The aspects included in the following checklist must be commented on. In case the problem is irrelevant, this must be substantiated. If the listed impacts can be expected to appear, their extent and degree should be estimated. Compare with Part I of this booklet if some questions should be unclear. One should be aware that questionaire checklists like these are not always 100% adequate with regard to all environmental questions which can be relevant to ask. It may therefore be useful to compare the use of the checklist to the use of other analytic tools for project assessment, e.g. logical framework analysis, gender analysis, assessments of socio-cultural and socio-economic conditions, as well as assessment of choice of technology and existing institutional conditions. This may also prove to be necessary to secure an integrated approach to the assessment of the project.
It is necessary to specify which groups of the population will be affected by the different types of direct or indirect environmental impacts.
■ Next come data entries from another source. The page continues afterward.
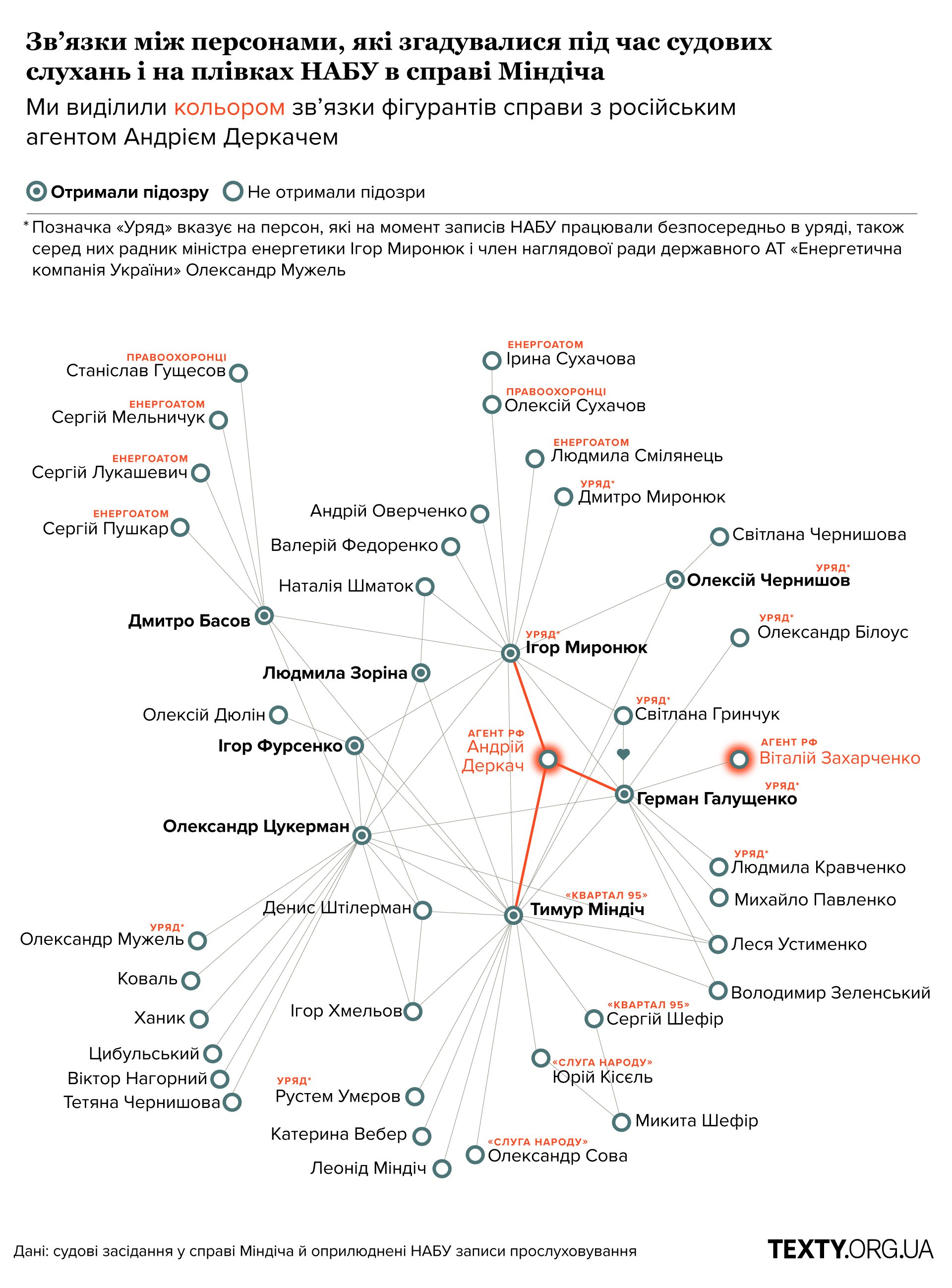 Хто згадується у справі Міндіча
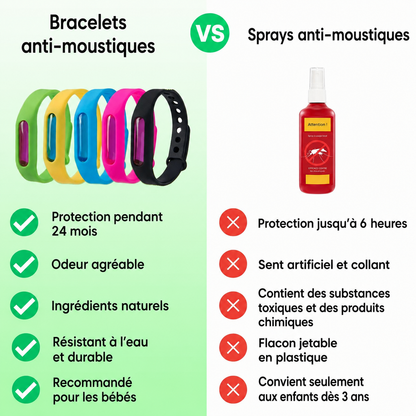 Bracelets anti-moustiques Luxeon™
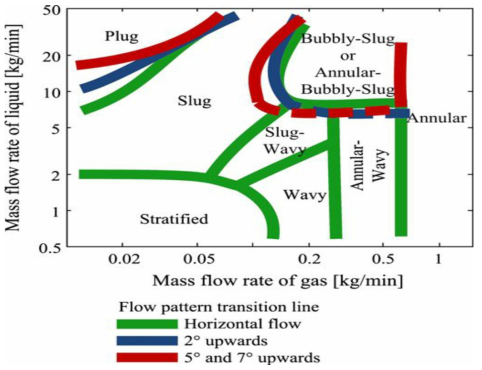 flow pattern m ap에 대한 경사각의 영향 (G hajar and K im , 2005)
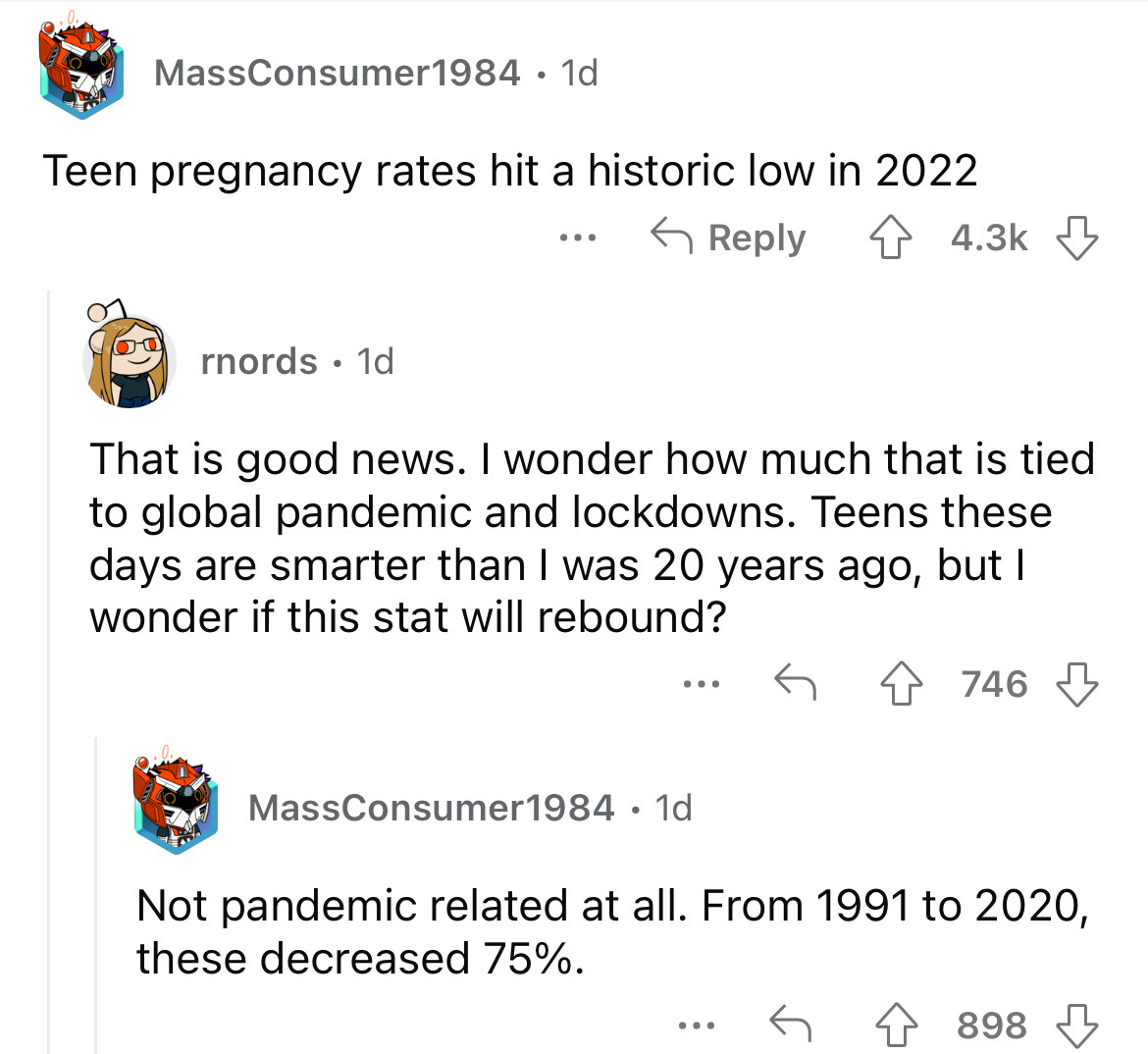 angle - MassConsumer1984 1d Teen pregnancy rates hit a historic low in 2022 rnords. 1d ... That is good news. I wonder how much that is tied to global pandemic and lockdowns. Teens these days are smarter than I was 20 years ago, but I wonder if this stat 
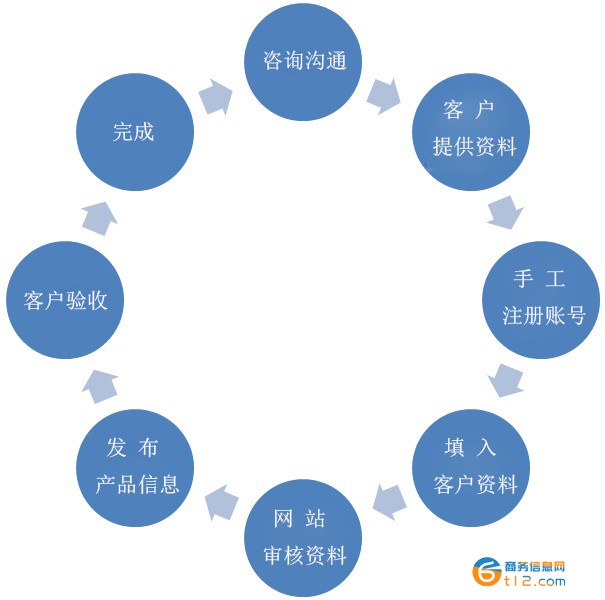 手工B2B信息代發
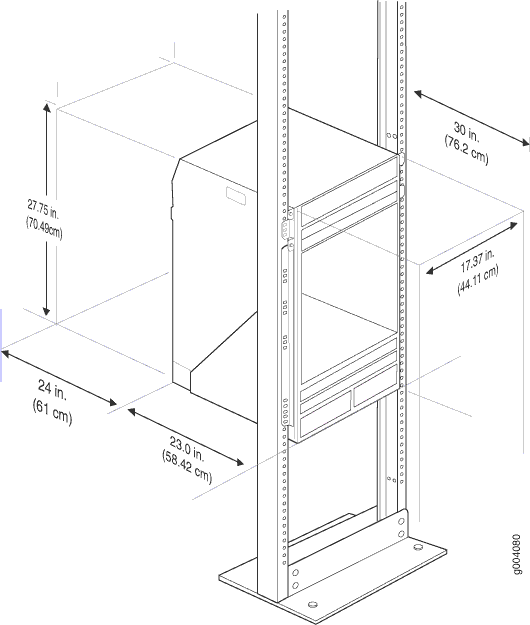 MX960 Rack Clearance and Router Dimensions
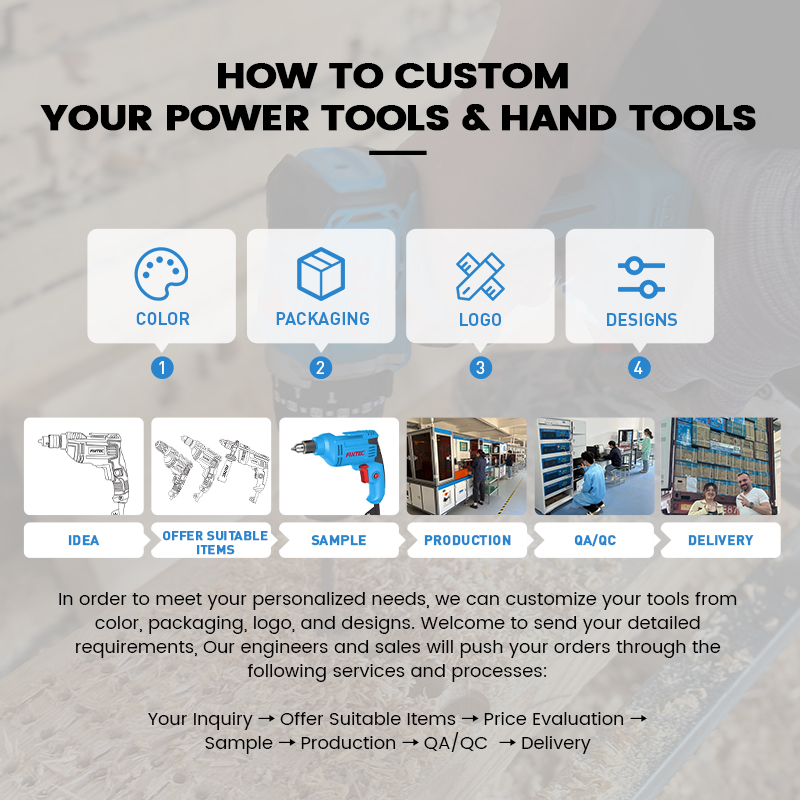 Power Tool Set 20V Cordless Br - đánh giá và giá Combo Power Tools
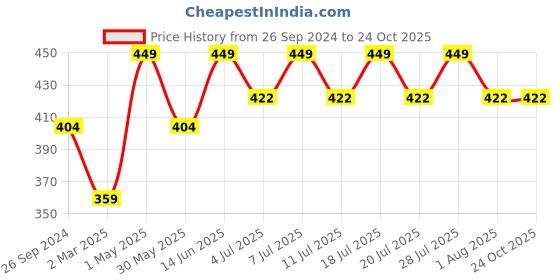 myntra.com Kids Ville Girls Mickey & Friends With Tie-Dye Printed Cotton T-Shirt kids ville Price History Graph from 26 Sep 2024 to 24 Oct 2025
A rough division can be as follows:
· The project's target group. This is the group of the population which one expects will benefit directly from the project. This group may, however, also be subject to certain negative environmental impacts.
· The remaining local population. This group will not benefit from the project in any primary way, although both positive and negative consequences may be experienced.
· Resettled population groups. These are groups who either settle in the area or move away from it as a result of the project or the development initiated by it.
Within these three groups it may also be relevant to specify if the environmental impacts from the project can be related to specific parts of the population, such as low-income groups, indigenous groups etc., combined with a further specification of gender and age within these groups.